Bravo, teziniz ne kadar doğru!
ABD yönetimi, Avrupa medyasında patlayan "karikatür saldırısı"nı kınamış. "Karikatürün karikatürü" bu işte. Muhtemelen, öfkeli-tepkili "İslam dünyası" içinde kimileri de bunu örnek gösterir, "Küstah Avrupa"nın yanında, "Saygılı ABD"nin tutumuna filan dikkat çeker. Oysa, Avrupa'nın insanı, kültürü, bitki örtüsünü, sinir sistemini kazıyıcı, tahrip ve tarumar edici, burnu havada, eli kırbacında ve silahında, katledici, kahredici sömürgeciliklerinden ve emperyalizminden bu yana, "öteki dünya"nın en şiddetli travmalarının en büyük müsebbibi ABD'dir. Darbeleri, suikastları, katilleri, despotları... Bilumum "ABD tezi" ile bir gün onun karşıtı olarak ortaya çıkmış, zıvanadan da çıkmış "anti-tezler"le. Uzakdoğu'dan Latin Amerika'ya, Ortadoğu'ya. Petrol parasına, uyuşturucu rantına, dünyanın tüm tasarruflarının akmasına müptela finansal sistemiyle de, sözde karikatür kınarken bir sürü kutsal mekan ile canı bombalayan silahıyla da, "Medeniyetler Çatışması" gibi teorik bir öngörüyü çıldırtıcı gerçeklik haline getiren yönetimiyle de.

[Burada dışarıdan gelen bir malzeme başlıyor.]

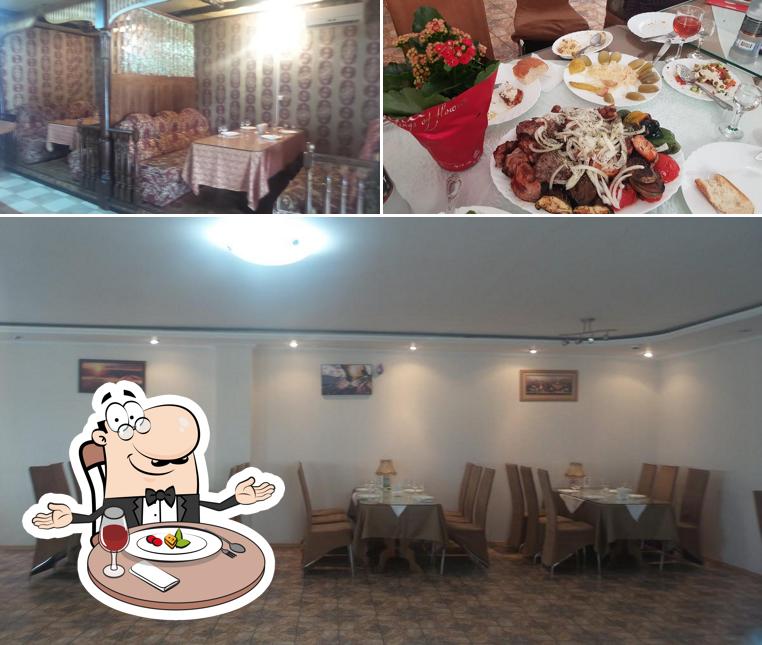 Кафе Каспий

Öyle ya, medeni, olgun, akıllı, akil, bilinçli, hoşgörülü hiç kimsenin... Ne İslam dünyasının, ne ABD'li realist işadamı ile politikacının, ne Avrupalı aydının... Hiç birimizin hoşuna gitmeyen, reddettiğimiz, vahşi ve yanlış bulduğumuz "Huntington tezi" bu dünyanın bir gerçekliği değil mi? Türkiye Avrupa kapısına geldiğinde Fransa'da, Almanya'da şurada burada keskinleşen... Avrupa'dan ABD'ye, havaalanlarında esmer, Ortadoğulu tiplerin peşine köpeklerle üşüşen... Büyük Ortadoğu projelerini, şu yabanilere demokrasi ve özgürlük götürme, gerekirse silahla kafasına dayama iştahını pişiren... İsrail'i koruma manyasıyla eşitlik, adalet gibi sözde kendi kültürünün en temel ilkeleri dahi süpüren... Kendisini onca frenlemesine rağmen Bush'un ağzından ikide bir "kökten dinci" söylevler düşüren... ABD'de bir sürü kilisede yahut TV vaazlarında "Şeytanla savaş" ve İslam'ı aşağılama azgınlıklarını kışkırtan... Elbette "bu taraf"ta... El Kaide hegemonyasını ve "tek yol silah" şiarını yükselten... Yine Huntington'ın bir başka tezini, "Demokrasi paradoksu"nu kanıtlayarak, seçimlerden "medeniyet savaşı"na en bilenmiş iktidarlar çıkaran... İnsanlık onurlarıyla oynandıkça, kültürleriyle, varlıklarıyla, topraklarıyla alay edildikçe dinlerine daha çok sığınan ve o sığınaktan ölümüne fırlayan karşınefreti doğuran... "Medeniyetler savaşı" değil mi artık!
Mesele bu tür bir tezi, barış, insanlık, medeniyet, uzlaşma, karşılıklı saygı ve uluslararası dayanışma, kültürlerin kaynaşması ve özerkliği gibi arzu ve ideallere aykırı bulmamız değildi ki. Bir şeyin yanlış, haksız ve insafsız olması başka, gerçeklik taşıması, kazanması başka. Allah aşkına, kendi ülkenizde bir bakıma hep yaşanan "medeniyetler savaşları"nın çocukları değil misiniz siz? Batısında iteklenen ve kendi doğusunu küçümsemeye teşne, bazen açık bazen için için, sürekli savaşların neferleri olmadınız mı hiç? Bırakın Avrupa'yı, ABD'yi, Arapları... Peygamberler elbet bir yana ama kulları aşağılamak için hep yanıp tutuşan, farklı giyineni, farklı konuşanı, farklı inananı kırıp dökmek için kuduranlara yakından tanık olmadınız mı hep? Ve kimileri asırlar boyunca zihnen, maddeten esir ve rehin alınabilen "insan özgürlüğü"nü başka inançları olanların kutsalına vurabilmekte görebilirken... Kimimizin şu dünyada, şu hayatta insan, millet, topluluk, cemaat olarak arzuladığı, beklediği tek saygı biçimi bundan mı ibaret?